A report by Vice correspondent Elle Reeve, who spent considerable time with leaders of the white supremacist movement, including a particularly glib one named Christopher Cantwell, it's riveting, and sometimes, repulsive. And that's even before we get to the video of the car that killed 32-year-old Heather Heyer on Saturday as an Ohio man drove it into a crowd of counterprotesters. Or to Cantwell's complaint that because the victims, whom he described as "stupid animals," "couldn't just get out of the way of the car … some people got hurt."
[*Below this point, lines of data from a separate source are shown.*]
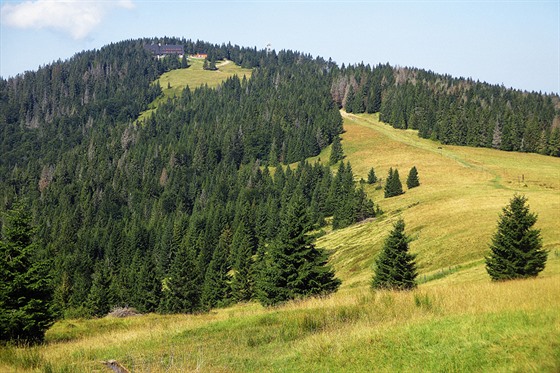 Pohoí Gorce ji dýchá dalekým východem. Pohled na vrchol Turbacz a...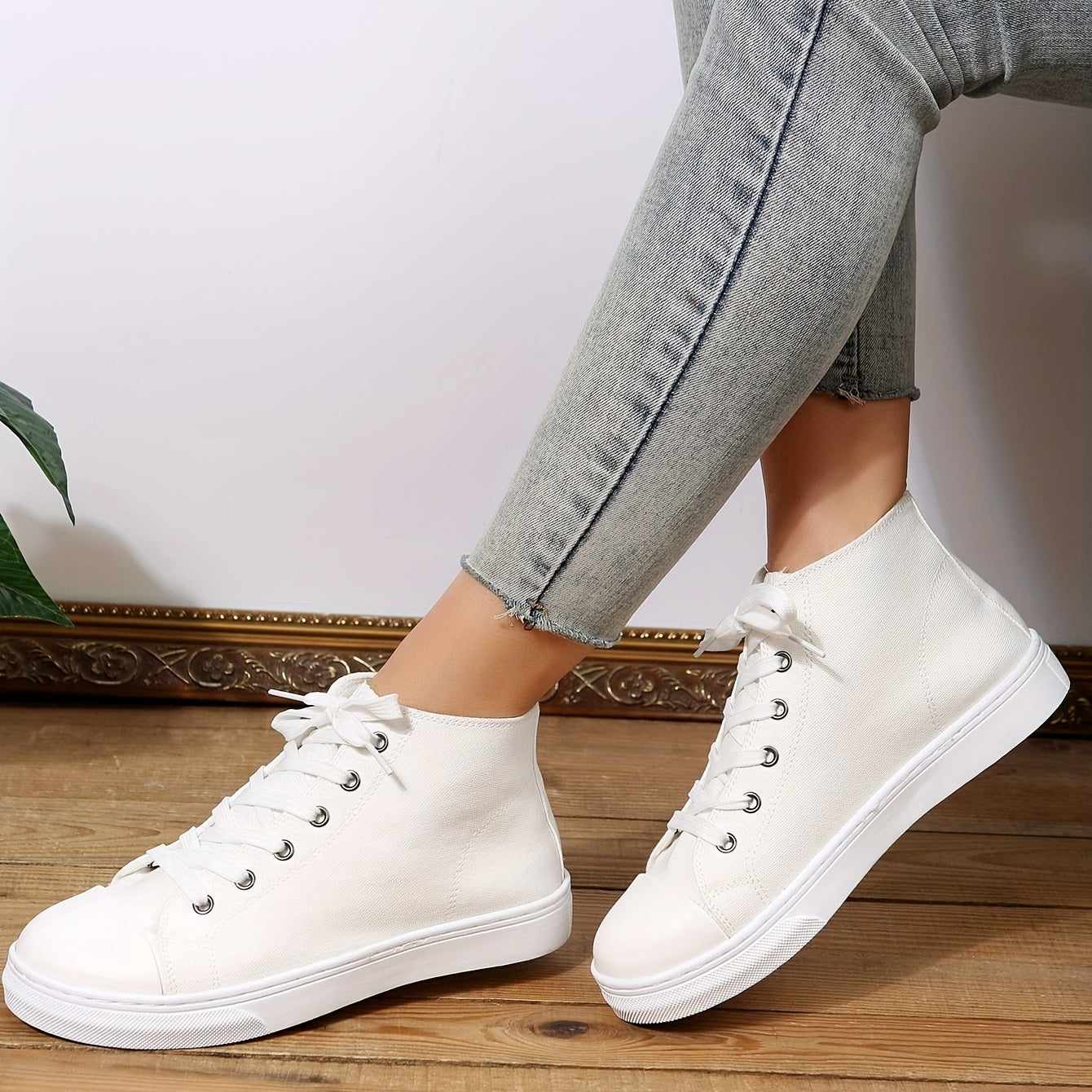 Women's High Top Canvas Shoes Lace Up Sneakers Casual Flat Walking Shoes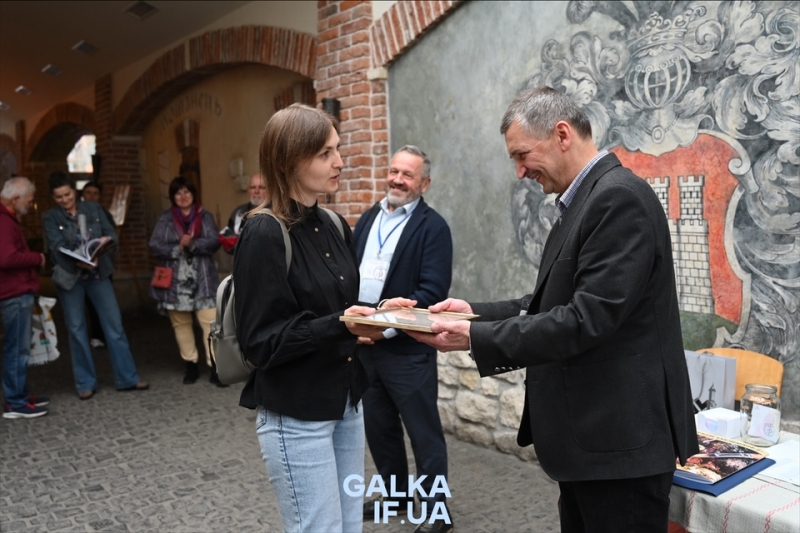 Коли палітра обмежена, а ідеї — безмежні: у Бастіоні відкрили художню виставку “Франківської збірки” (ФОТО)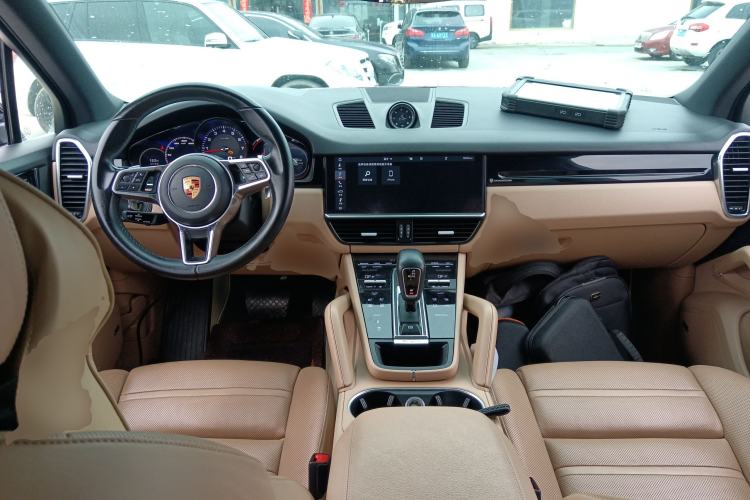 Used Porsche Cayenne 2019 Cayenne 3.0T Center Console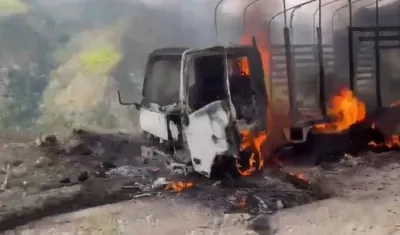 Momento exacto en el que uno de los camiones arde en llamas.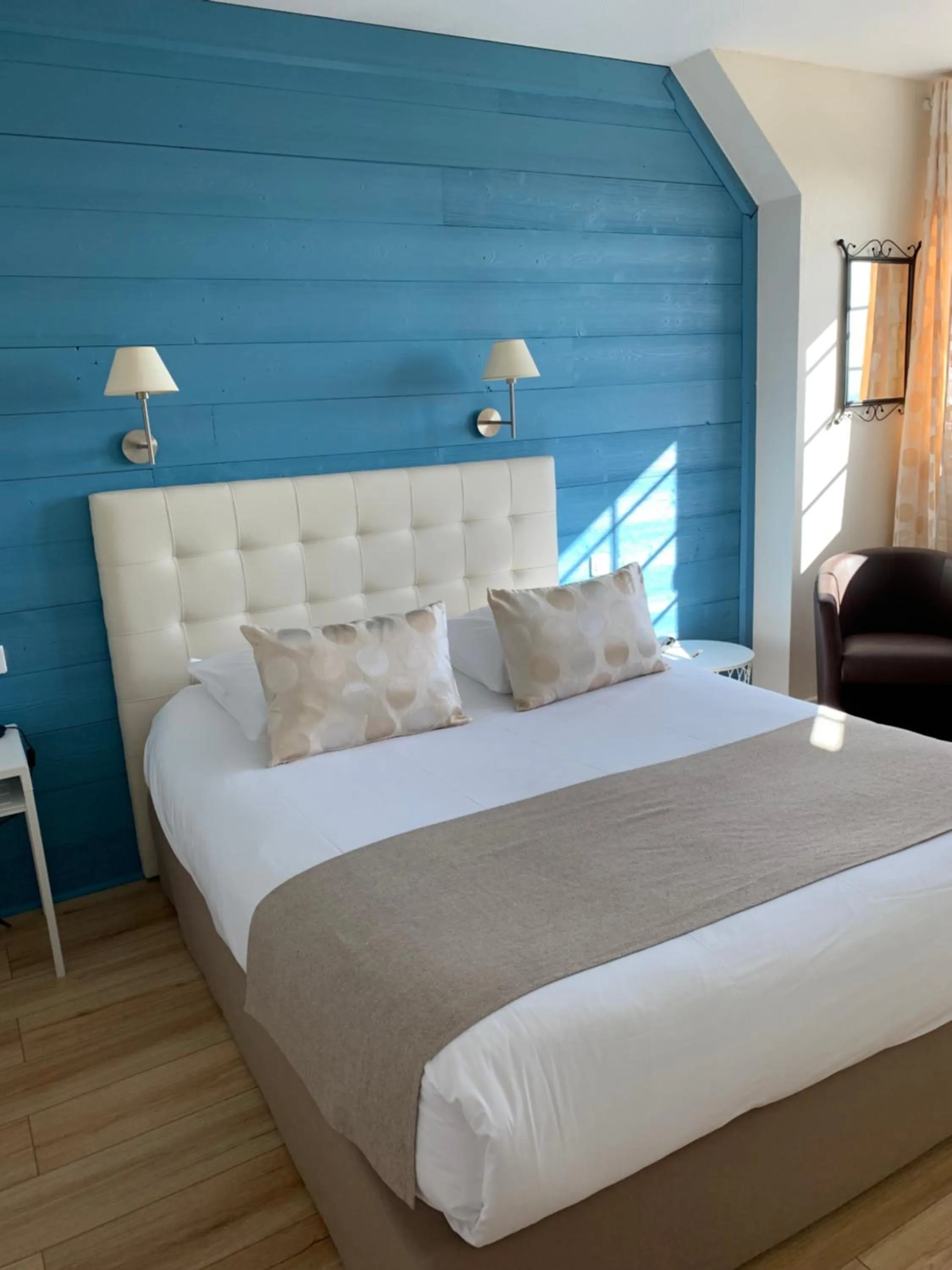 Bedroom, Bed in La Bonbonniere - Sure Hotel Collection by Best Western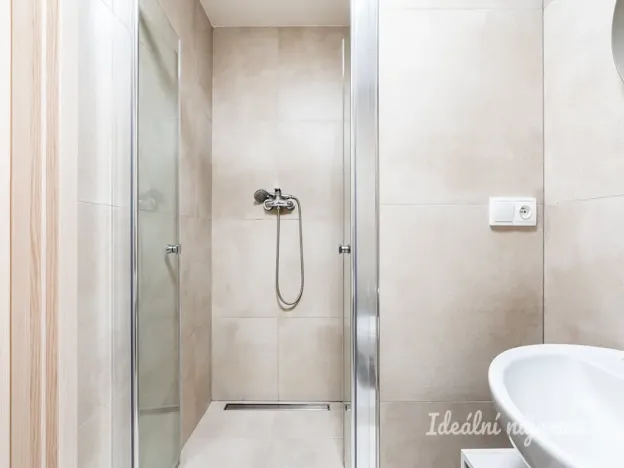 Pronájem bytu 1+kk, Praha - Hostivař, Horolezecká, 30 m2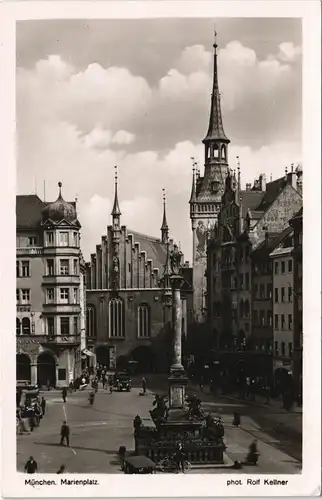 Ansichtskarte München Marienplatz belebt, Denkmal, Autos 1940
HBO's decision to put the entire report online immediately after Monday's show, outside the usual paywall, helped drive 27 million viewers to "Charlottesville: Race and Terror" by 3:30 p.m.Wednesday, according to an HBO spokesman, who said the number was still climbing.
More than 24 million of those views had come through Facebook and more than 2.4 million through YouTube. Monday's was also the second-most-watched episode for Vice News Tonight in that 7:30 p.m. time slot, with 488,000 viewers, a number pushed higher that same night — to a total of 540,000 — by those watching on mobile platforms HBO Go and HBO Now, the spokesman said. In addition, Vice News' website has recorded 170,000 video views and 1.2 million page views for the story.
About now, NBC News' Megyn Kelly may be wondering why she took such heat for giving Sandy Hook denier Alex Jones a platform on her Sunday night magazine show, especially as she'd pushed back harder against Jones than Vice's Reeve may appear at first to be doing against Cantwell.
We see Reeve listen impassively to people like neo-Nazi Robert "Azzmador" Ray, a writer for the Daily Stormer website, as he talks about taking the movement from internet memes to the streets. She maintains a tone more conversational than confrontational as Cantwell explains that he's waiting for a leader, "someone like Donald Trump [but] who does not give his daughter to a Jew."
"So Donald Trump, but, like, more racist," Reeve replies, just a tad sardonically.
Vice News' style is very much at work here — it targets millennials and aims to reach them where they are, which often isn't in front of a TV set. "Anchor-free, the show will abandon a set formula," read the statement when the HBO nightly show was announced last fall.
Context is everything in a piece like this, and so is length. If you were to break the report into easily digestible soundbites — assuming any of this can be digested, easily or otherwise — Vice News Tonight might look as though it's handing a megaphone to people so they can spread their messages of hate further.